A line from a song keeps running in my head - "Don't let this fading summer pass you by."
Hello, old friends, I'm back to blogging this month! There are so many recipes I've made that I haven't posted, and while I'm going to Iceland in just THREE (!) days, I still haven't even written about Vermont yet. But, I'm back. Back to a messy kitchen and a flour-covered camera. Back to cakes, back to breads. I'm trying my hand at savory more, as you've probably seen the last 3 recipes on here.
I needed the time away. Sometimes I get gripped by the inextricable need to be a quitter, a runaway. I don't think it's a fault of mine, but it makes it hard to stick around long enough to see something blossom into success. I get bored. I get discouraged. I burn out. This summer, my priorities shifted a bit since we're back in Pennsylvania at our own house now. I'm doing more with Nolan's family, like weddings, showers, and christenings. I'm busier with housework, farm work, and my full-time job. So I didn't document what I ate as much lately. I haven't really been active on instagram. I haven't let the fading summer pass me by just yet.

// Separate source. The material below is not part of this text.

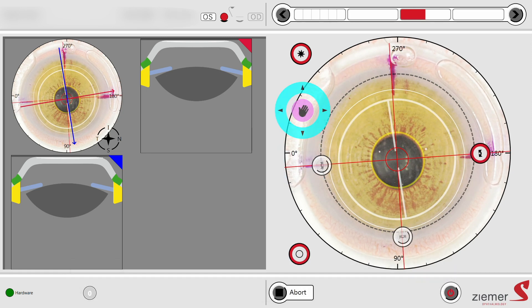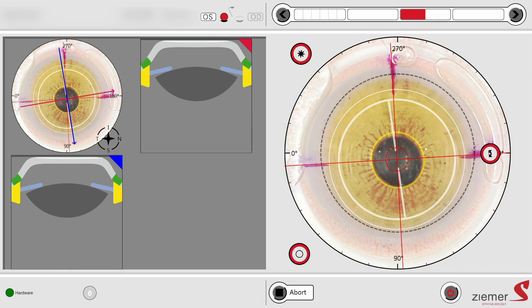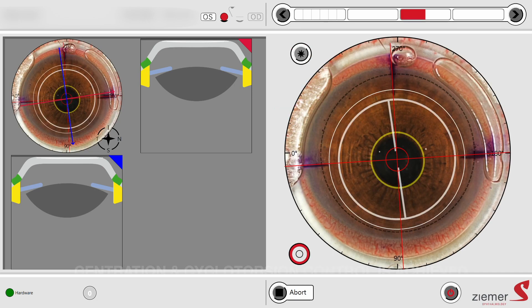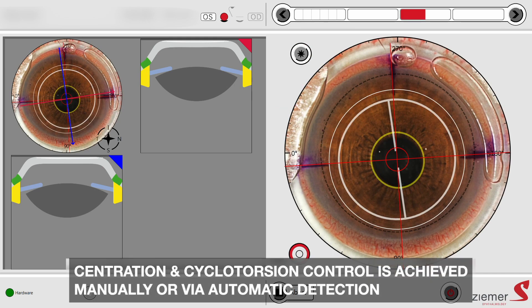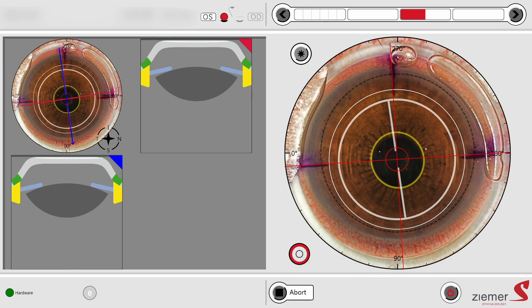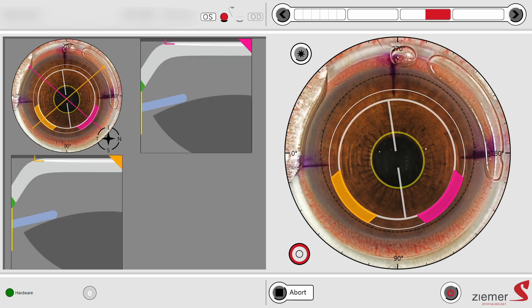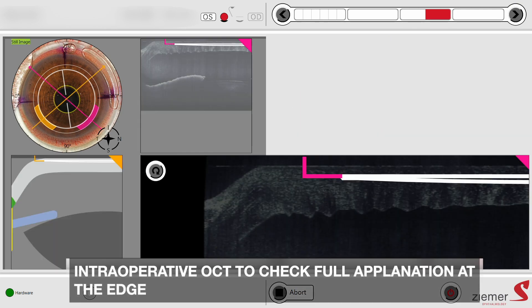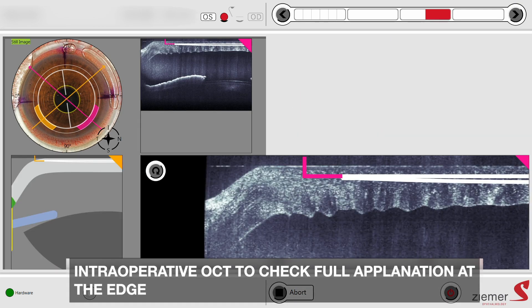This step will soon be automated by matching the image of the eye from the Galilei tomographer. In case of doubt, an intraoperative OCT can be performed to check that the optical zone and incision edges are within the applanation area.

With so many weekends away and trips to plan, we've been making more meals that are thrown together, roasted or sauteed for flavor, and all in one pan. The below is no different. In fact, it's the best kind of cookery that I enjoy the most. Easy, comforting, quick to keep the kitchen cool when it's muggy outside. In just weeks it will be cool and I'll want to have the oven on all the time. But for now, with the windows open and a breeze rustling the hair the nape of Elsa's neck, nothing is better than a quick meal so I have more time for connecting with the home I built and love so much.
Quick (and adaptable!) Cannellini Dinner!
- 4 slices of bacon, roughly chopped
- 15-20 green beans
- 2 cups kale, chopped with stems removed
- 2 cans 16 oz cannellini beans, drained
- 1 clove garlic, diced
- Salt and pepper to taste (about 1 teaspoon of each for me!)
- 1 or 2 hardboiled eggs
- Juice of 1/2 a lemon
- In a large skillet, add bacon and begin to cook
- When browned and crisp around the edges, add your green beans and begin to cook down
- As the green beans cook, they will crisp around the tips and turn a vibrant green, turn heat to medium-low
- Next, add your kale and allow to wilt
- Add cannellini beans and stir constantly to warm
- Finally, add your garlic, salt and pepper
- Transfer to a bowl, add your egg and a squeeze of lemon and enjoy!
Note: You can really use any vegetables or meat for this, just follow the basic recipe to mix it up however you want!